Canada – The Great White North – is the second largest country by total land mass in the world, and you’ll find it sitting just above the United States of America. For every year of the last decade or so, roughly a quarter of a million people have moved to this beautiful country to start a new life.

skyline-canada

But though the appeal is certainly there, many people don’t actually realise quite how difficult doing a full life relocation can be. Of course, you’ll need to cart all your possessions half way around the world, but you’ll also have to gain proper residency and citizenship status.

Understanding what you need to do when moving to Canada can make the whole transition go much more smoothly, so read the following tips compiled by AutoEurope.ca before you decide to up sticks and go.

Get Clued Up on the Law

It depends on where in the world you currently live, but relocating to Canada can be a pretty lengthy process. You should scout out your new home before you actually arrive in the country, and it is almost essential to have employment lined up – you might not be allowed residency entry if you have no job.

The officials will look upon you in a better light if you have employment secured, so you should get that sorted first of all, but leave any logistics until you’re sure you can successfully make the move; this includes getting a moving van and signing your lease.

Apply for Legal Residency

It is illegal to simply move to Canada without applying for residency. This is the only way to obtain all the legal rights; it is of vital importance. There are only six different routes to legal residency – family, business, skilled worker, provincial, international adoption and Quebec-selected.

For most people, the skilled worker class will be the best way to get residency. A few criteria will be looked at: your age, experience, education and field of employment. To be deemed worthy, you’ll need to gain 67 or more points (out of 100) on your application.

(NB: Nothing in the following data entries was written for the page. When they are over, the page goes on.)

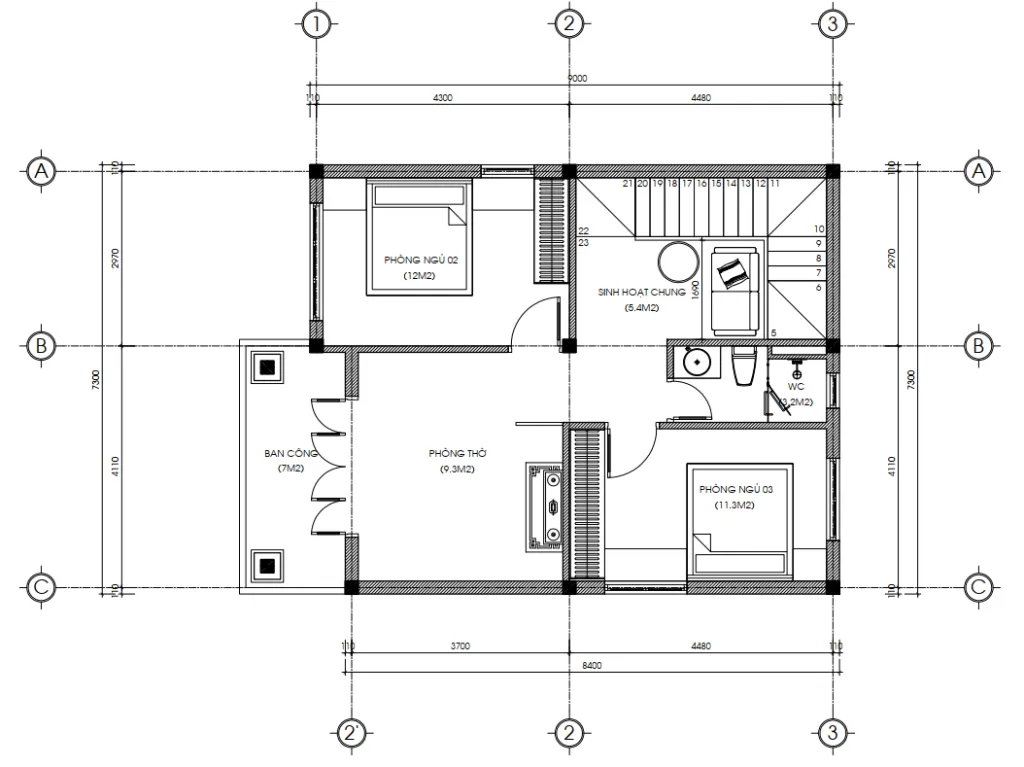 Chi tiết mặt bằng tầng 2 nhà 2 tầng mái Nhật bố trí phòng thờ và 2 phòng ngủ rộng rãi.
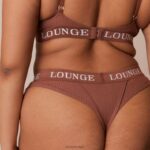 Ultracomfortabele geribbelde T-shirt-bh en stringset vrouwen mokka Lounge ondergoed 008ZJ40 - Image 4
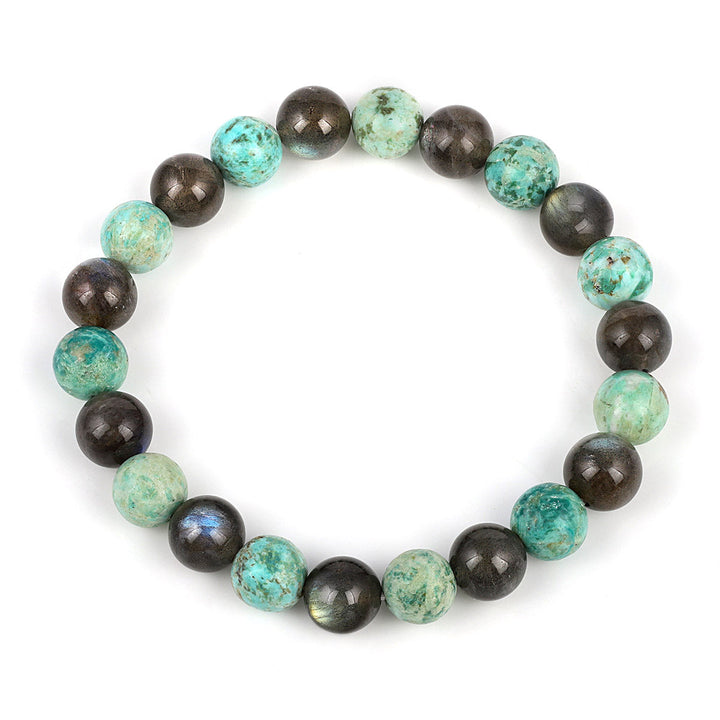 Labradorite and Turquoise Stretch Bracelet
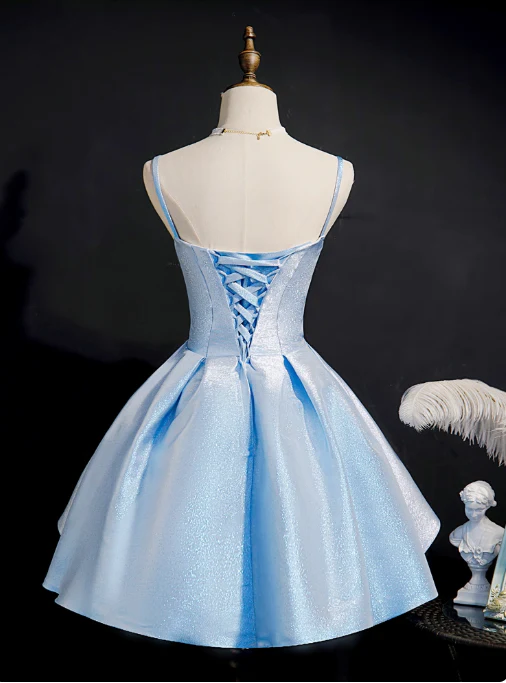 Simple A line Spaghetti Straps Blue Satin Formal 8th Grade Homecoming Dresses Middle School Short Birthday Gowns Graduation Dress Hoco Outfits DH1997 - Deanwangkt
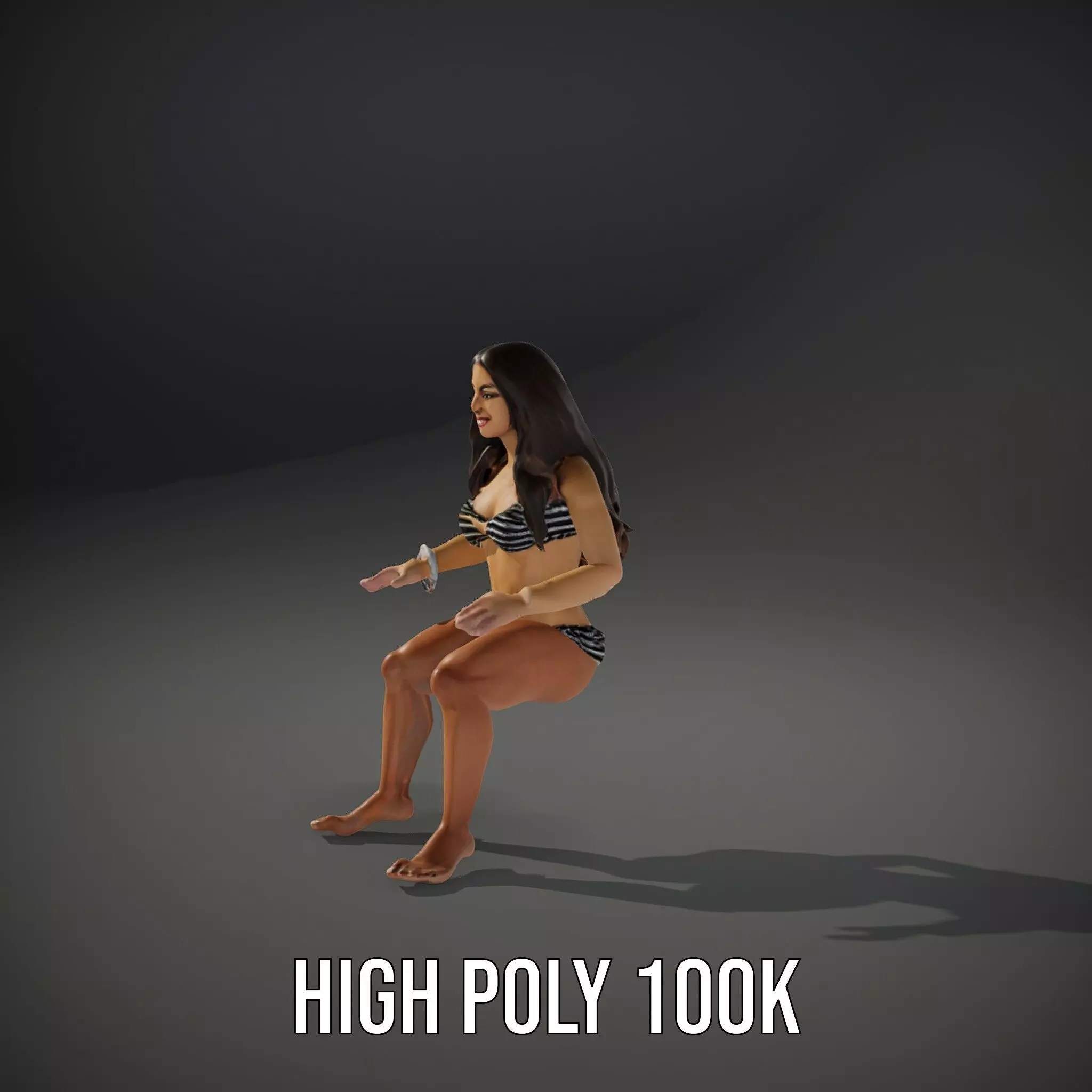 Striped Bikini Female model pack Low-poly 3D model_10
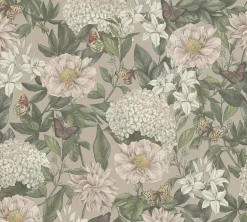 Vliestapete Floral Vintage Blumen Rosa Grün 39426-2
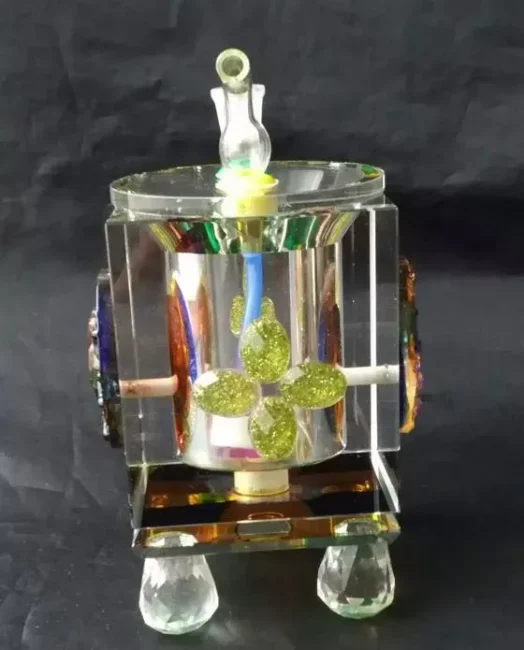 Colored thick crystal bong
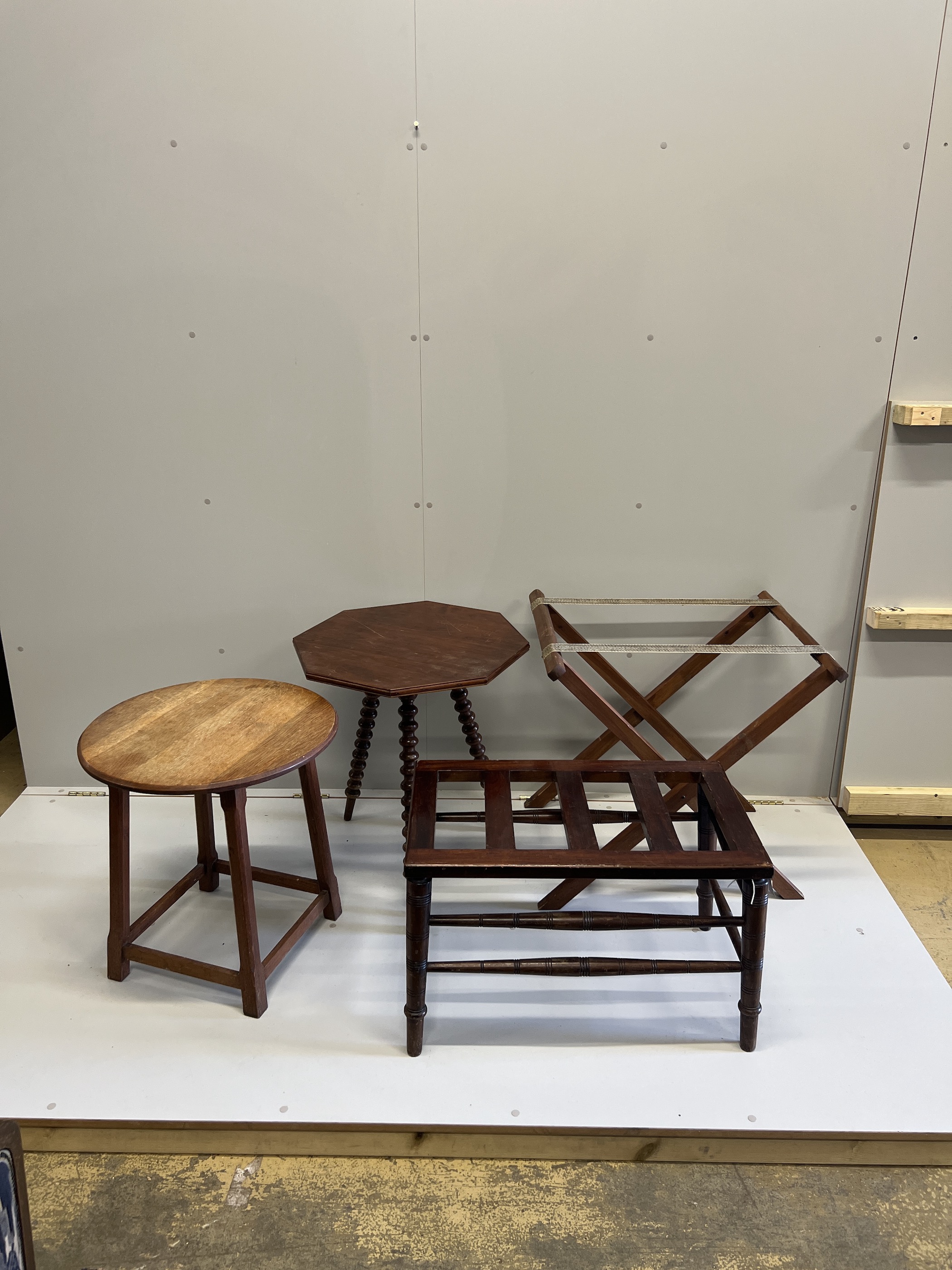 A late Victorian mahogany luggage rack, an octagonal occasional table, a circular oak table, - Image 2 of 6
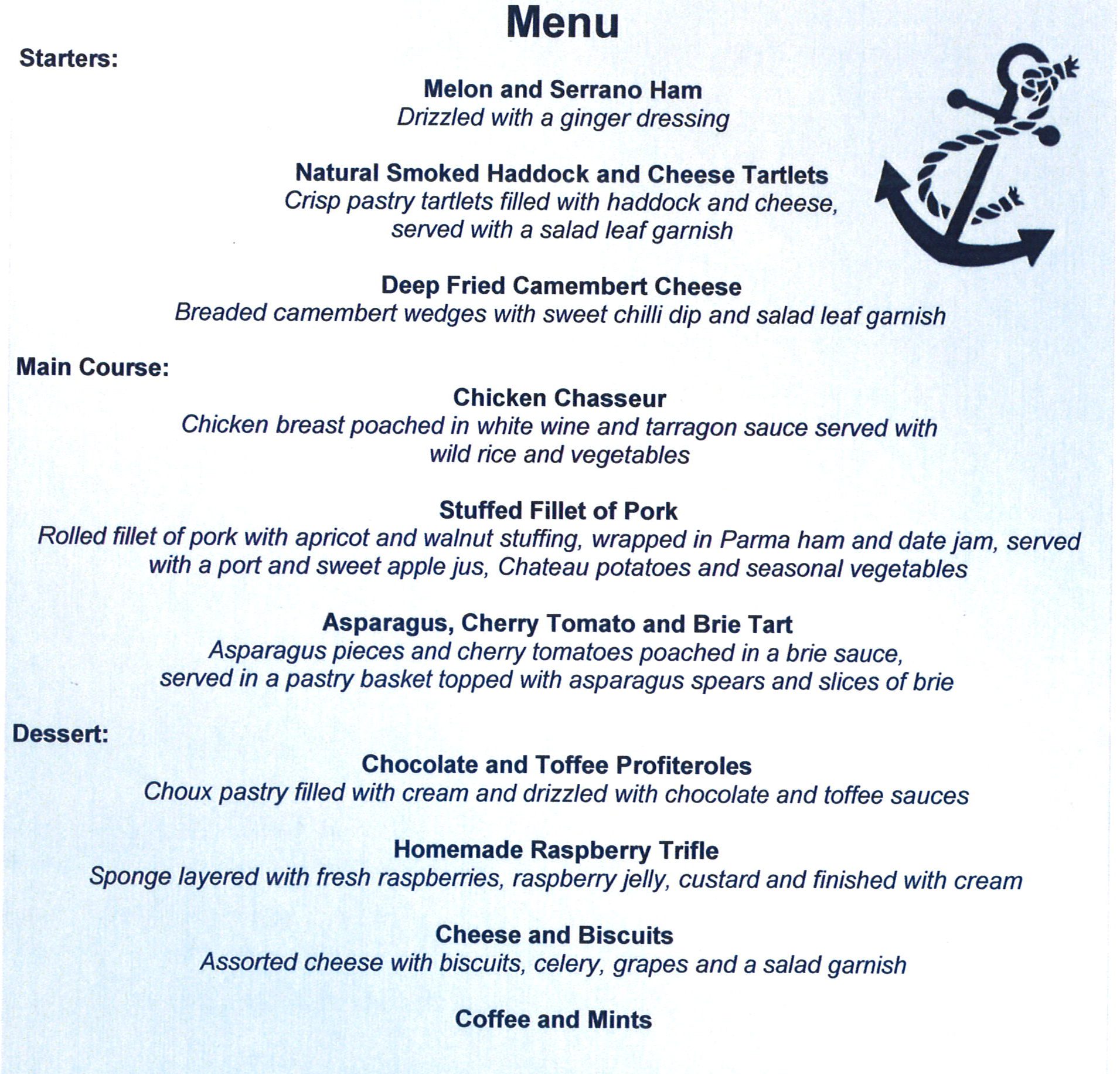 new york yacht club dinner menu
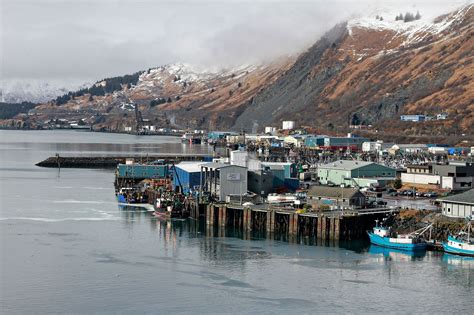 Kodiak City This Is The Dock By The Trident Cannery The Mountain In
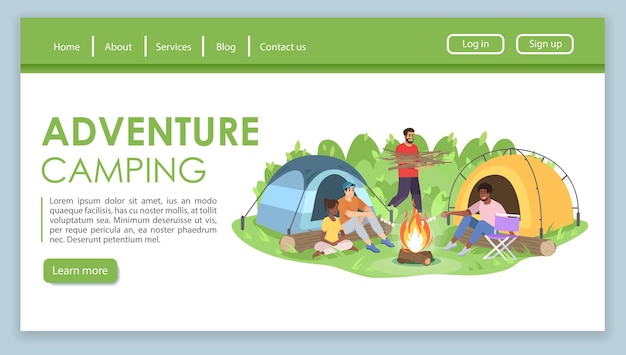 アドベンチャーキャンプのランディングページのベクトルテンプレート。フラットなイラストとアウトドアレクリエーションのウェブサイトのインターフェイスのアイデア。観光庁のホームページのレイアウト。ハイキング旅行のウェブバナー、ウェブページの漫画のコンセプト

Entrepreneurs and investors will want the business route, whereas to gain family residency a Canadian member of your family must sponsor your entry.

Apply for Full Residency

Once you’ve been living in The Great White North for three years, you are able to apply to be a full legal citizen of the big and beautiful nation.

To obtain proper Canadian citizenship, however, you must fulfil certain criteria – you must be able to speak either English or French (or both, natch), you must be at least 18 years old, you must have a decent understanding of typical Canadian social protocols, and you must pass an examination on the government and politics of Canada.

If you have met all of those requirements, and you’ve been a good resident of Canada for the previous three years, you will be granted full legal citizenship. Congratulations, you are now officially Canadian!